I know they take less than a week to lay, Once I introduce one I wait about a week to check on her. I should be passing through standish on my way up to Harrisville sometime next week.


----------



## JordanM (Jun 6, 2008)

That sounds pretty good, how long have the queens been banked?

And how much are you selling them for?

And what kinds of queens do you have?


----------



## dbest (Aug 9, 2005)

They've been banked since the last week of August. I'd let them go for $12. They're my own stock. I choose my breeder queens by marking strong hives though out the year and just grafting from them.


----------



## JordanM (Jun 6, 2008)

Sounds good, if i see no eggs this week ill get back with you this weekened and work a time out for you to swing by.

Thanks


----------



## dbest (Aug 9, 2005)

I'll have to meet you somewhere. It's a little difficult to swing by with a semi truck.


----------



## JordanM (Jun 6, 2008)

Ok, i understand. I dont live that far from town, and i could be up there in 5 minutes, but you could park in our front yard and we live right next Outdoor Adventures if you know where that is. First road right when you get off the exit ramp into standish and a right on the next road after that.

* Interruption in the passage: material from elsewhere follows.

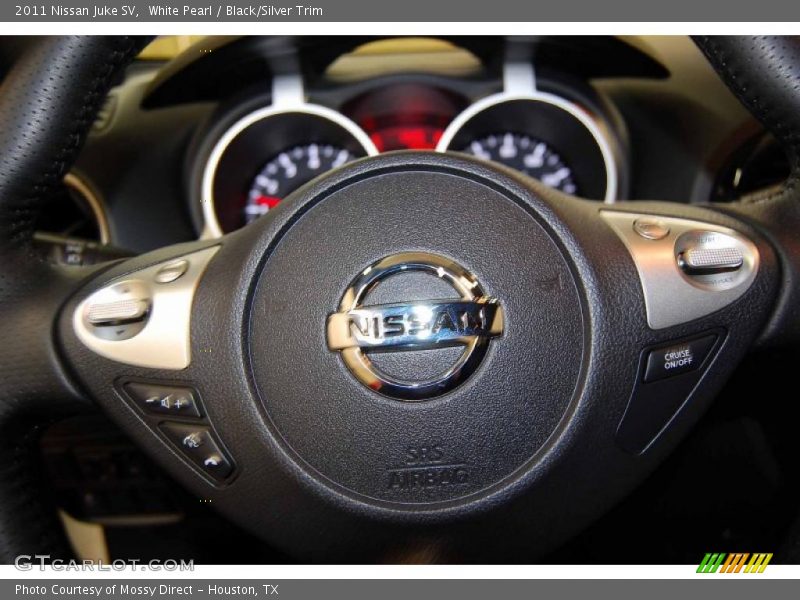 White Pearl / Black/Silver Trim 2011 Nissan Juke SV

If there is a bad queen and (i am not good at finding them) could you possibly come here and show me how to do it and check out my hive. I have never did this befour and am just starting out with my first hive, i had one die earlier due to a drone layer but i understand if you are busy that day and just passing through?

Thanks


----------



## JordanM (Jun 6, 2008)

Well i just went out and checked out the bees.

There were about 10 hornets in the top super and there were bees covering about 5 frames in the bottom brood box. So i covered up the screened bottom board and put an entrance reducer on.

What do you think? Could you come by and see if they are even worth requeening or are they doomed. They have 2 supers and 2 brood boxes full of honey and theh bottom brood box is where the 5 frmae sof bees are.


----------



## dbest (Aug 9, 2005)

Well they're really shouldn't be any eggs. Most of the queens will have stopped laying. If they are covering 5 frames that sounds ok. I don't normally get worried but then again I don't over winter any hives. I can't really get off the road and I'll be in a moderate hurry. Me and my crew are headed up to Alpena tomorrow. We'll be in a ten wheeler pulling a bobcat and a semi truck w/a 53' reefer.


----------



## JordanM (Jun 6, 2008)

I guess ill just see how it goes then.

If they die ill just take all the honey next year.


----------